Py4JJavaError: An error occurred while calling o1131.getFileSystem. : Failure to initialize configuration for storage account adl_storage_account.dfs.core.windows.net: Invalid configuration value detected for fs.azure.account.key
So, I checked the related configuration value, and it seems its value is None.
Given that the Hadoop configuration works as expected when Spark tries to access the storage, it is certain that the configuration is set properly in the cluster configuration. But why can't I access this configuration through "spark._jsc.hadoopConfiguration()"? Is there another way to access the hadoop configuration including the ADLS Gen2 connector configuration?
PS: I know I can use dbutils.fs library to interact with the storage. I have my reasons for not using it.
PS2: If I create a new Hadoop configuration instance and set the required configuration for it, the above code works as expected. But I do not want to create a new Hadoop configuration instance when I have already one with the required authentication info.
java_import(spark._jvm, 'org.apache.hadoop.conf.Configuration')
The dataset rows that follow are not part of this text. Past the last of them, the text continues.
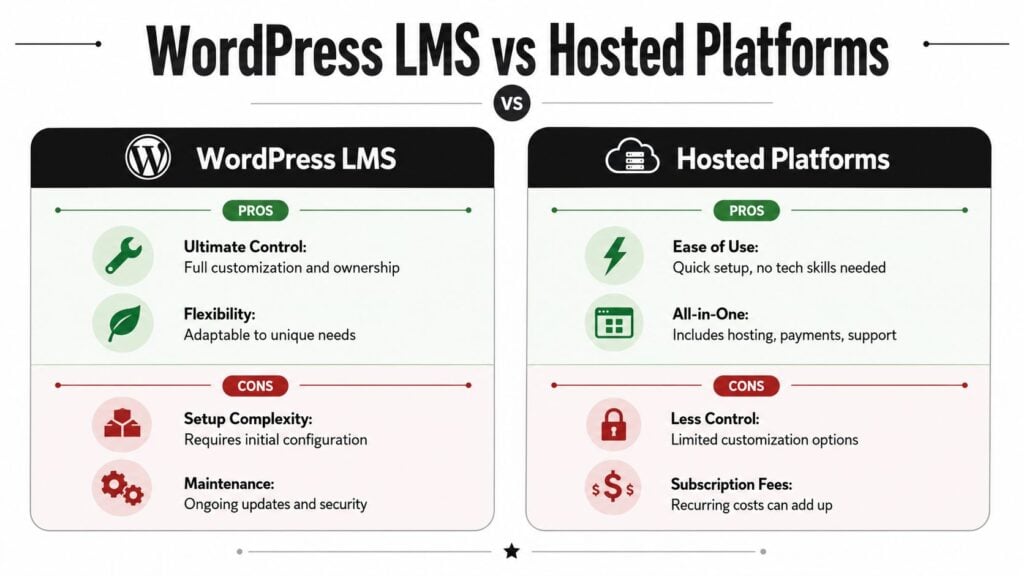 A comparison infographic between WordPress LMS and hosted platforms highlighting pros and cons of each solution.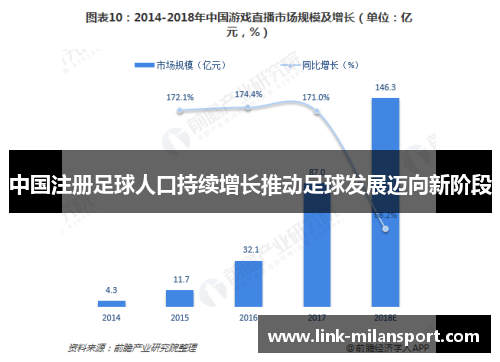 中国注册足球人口持续增长推动足球发展迈向新阶段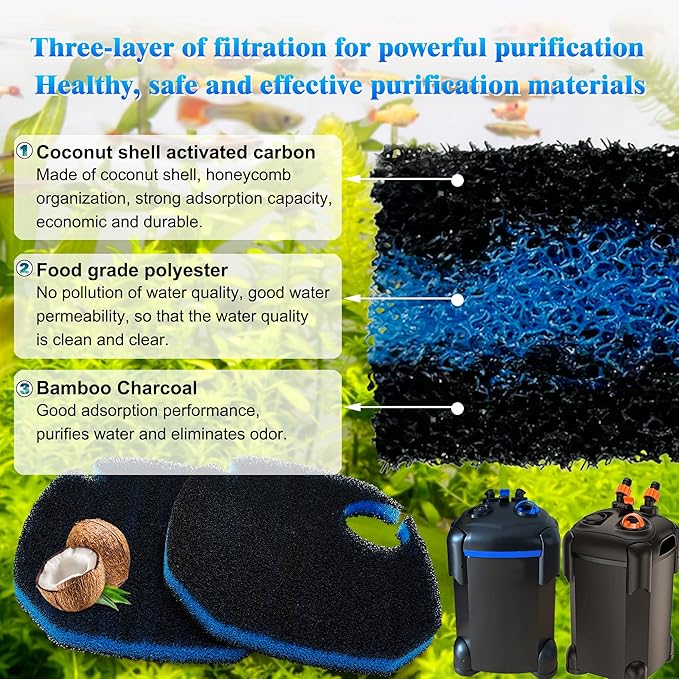 Large Cotton White Floss Pads and Activated Carbon Sponge Bio Filter Pads Refill Kit for AMOSIJOY Aquarium Canister Filter, Compatible with 396/528/660GPH Canister Filter (Large for 396/528/660GPH)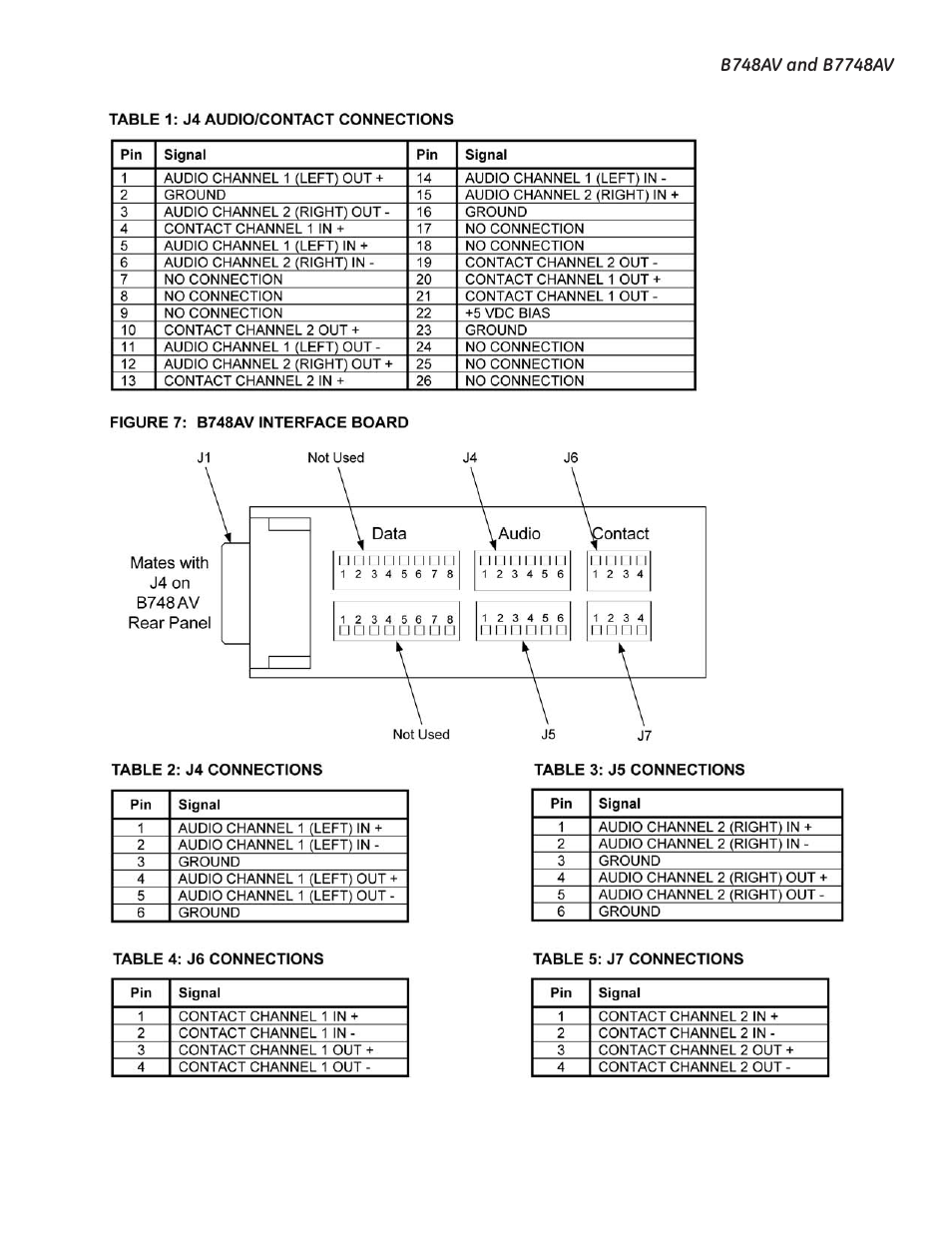 Interlogix B7748AV User Manual | Page 9 / 13
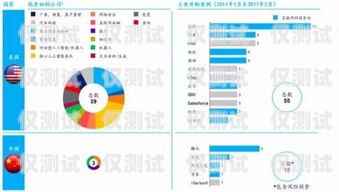 人工智能外呼系統質量的重要性及提升方法人工智能外呼的優(yōu)點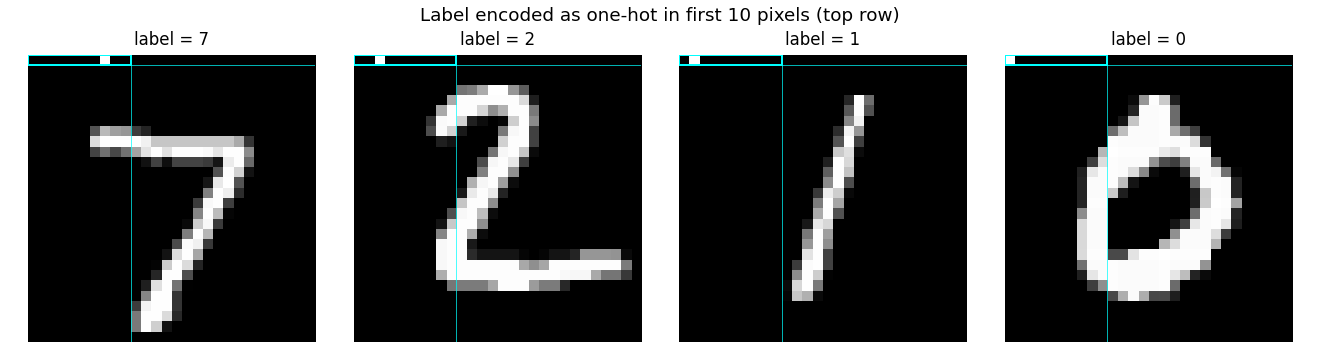 example images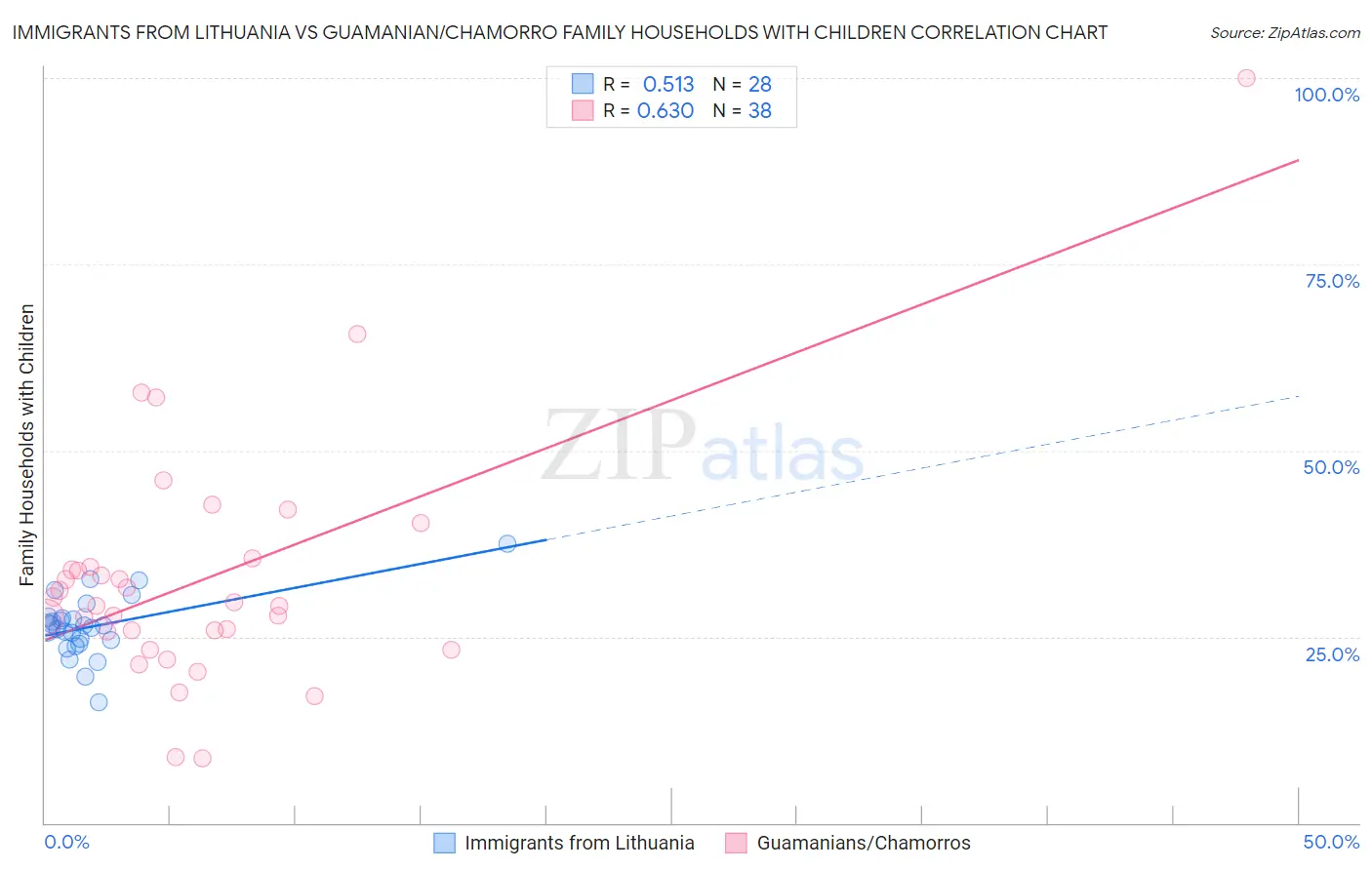Immigrants from Lithuania vs Guamanian/Chamorro Family Households with Children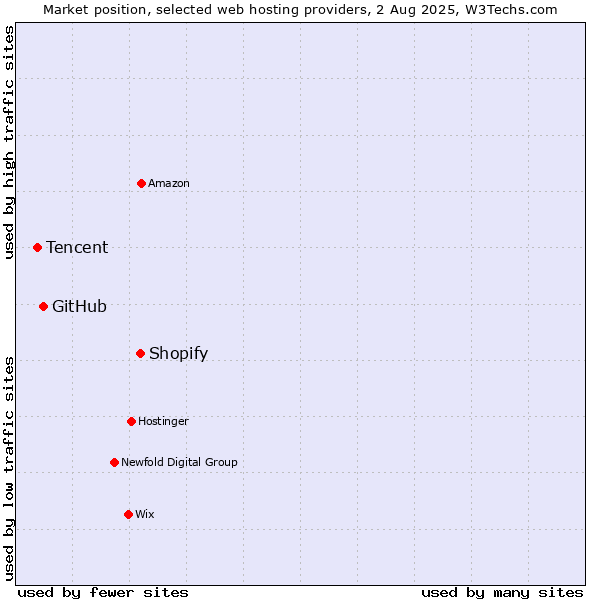 Market position of Shopify vs. GitHub vs. Tencent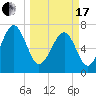 Isle of Hope tide chart for Sunday, March 17, 2024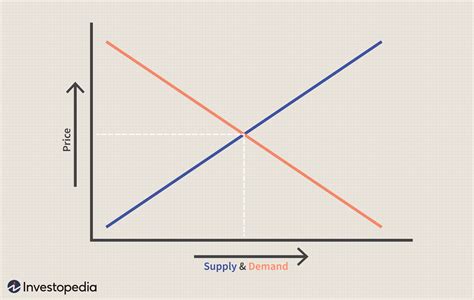 The Relationship Between Supply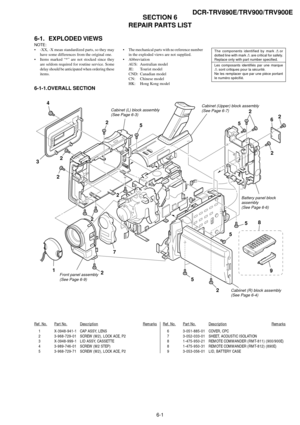 Page 1666-1
DCR-TRV890E/TRV900/TRV900E
SECTION 6
REPAIR PARTS LIST
6-1. EXPLODED VIEWS
NOTE:
¥ -XX, -X mean standardized parts, so they may
have some differences from the original one.
¥ Items marked Ò*Ó are not stocked since they
are seldom required for routine service. Some
delay should be anticipated when ordering these
items.¥ The mechanical parts with no reference number
in the exploded views are not supplied.
¥ Abbreviation
AUS: Australian model
JE: Tourist model
CND: Canadian model
CN: Chinese model
HK:...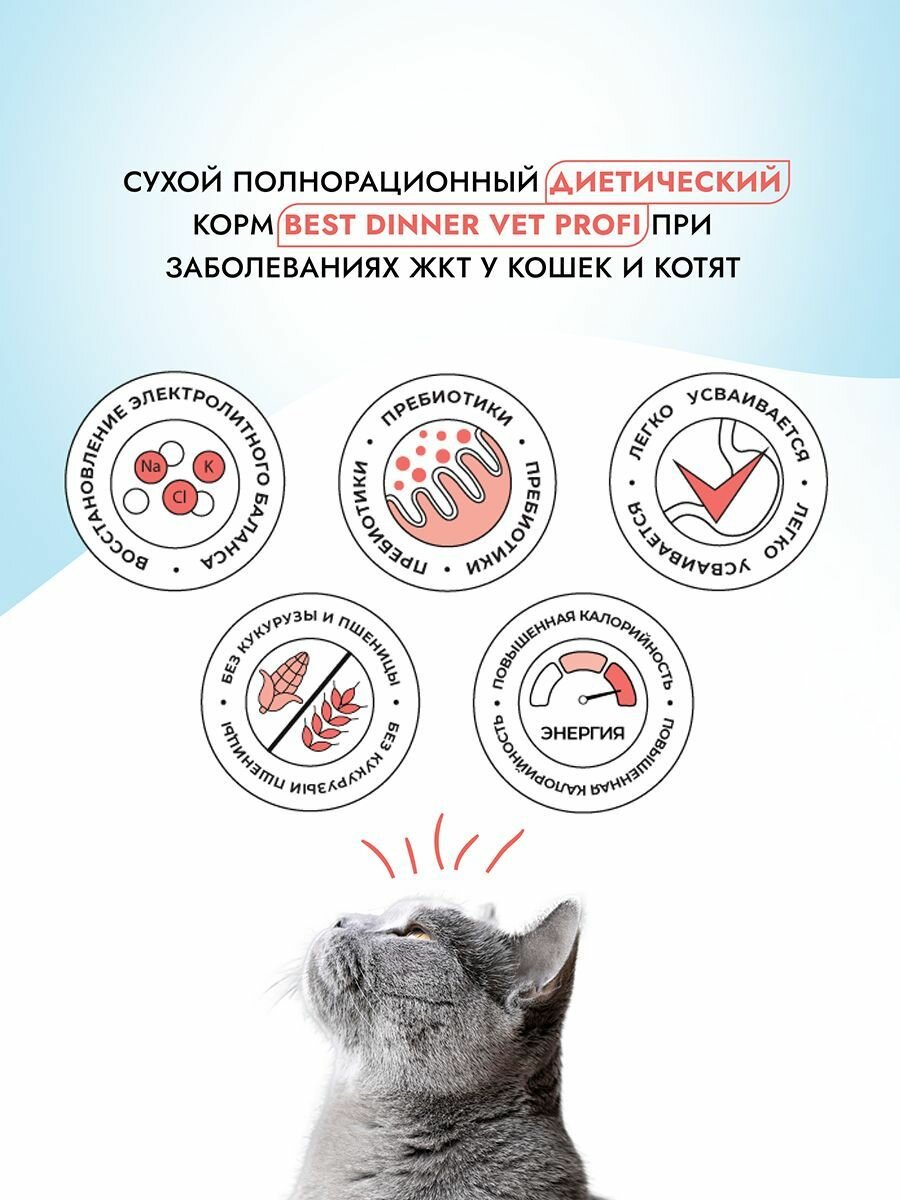 Корм сухой диетический супер премиум класса Vet Profi Gastro Intestinal для кошек любых пород при чувствительном пищеварении, 1,5 кг Best Dinner (Бест Диннер) — фото 1
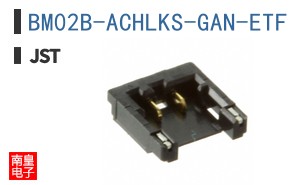 BM02B-ACHLKS-GAN-ETF
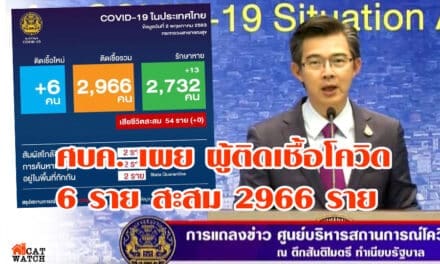 ศบค. เผย ติดเชื้อโควิดยืนนิ่งที่ 6 ราย วันที่สอง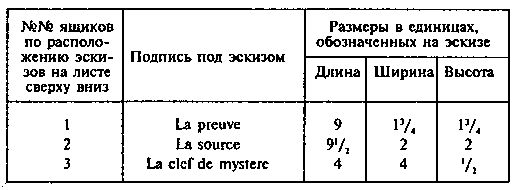 Евгений Войскунский, Исай Лукодьянов - Экипаж "Меконга"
hadoop_conf = spark._jvm.Configuration()
storage_account_name = "adl_storage_account"
hadoop_conf.set(
"fs.azure.account.auth.type.{0}.dfs.core.windows.net".format(storage_account_name),
"OAuth"
)
hadoop_conf.set(
"fs.azure.account.oauth.provider.type.{0}.dfs.core.windows.net".format(storage_account_name),
"org.apache.hadoop.fs.azurebfs.oauth2.ClientCredsTokenProvider"
)
hadoop_conf.set(
"fs.azure.account.oauth2.client.id.{0}.dfs.core.windows.net".format(storage_account_name),
dbutils.secrets.get("my_secret_scope", "client_id")
)
hadoop_conf.set(
"fs.azure.account.oauth2.client.secret.{0}.dfs.core.windows.net".format(storage_account_name),
dbutils.secrets.get("my_secret_scope", "client_secret")
)
hadoop_conf.set(
"fs.azure.account.oauth2.client.endpoint.{0}.dfs.core.windows.net".format(storage_account_name),
dbutils.secrets.get("my_secret_scope", "client_endpoint")
)
hadoop_conf.set(
"fs.azure.account.key.{0}.dfs.core.windows.net".format(storage_account_name),
dbutils.secrets.get("my_secret_scope", "key")
)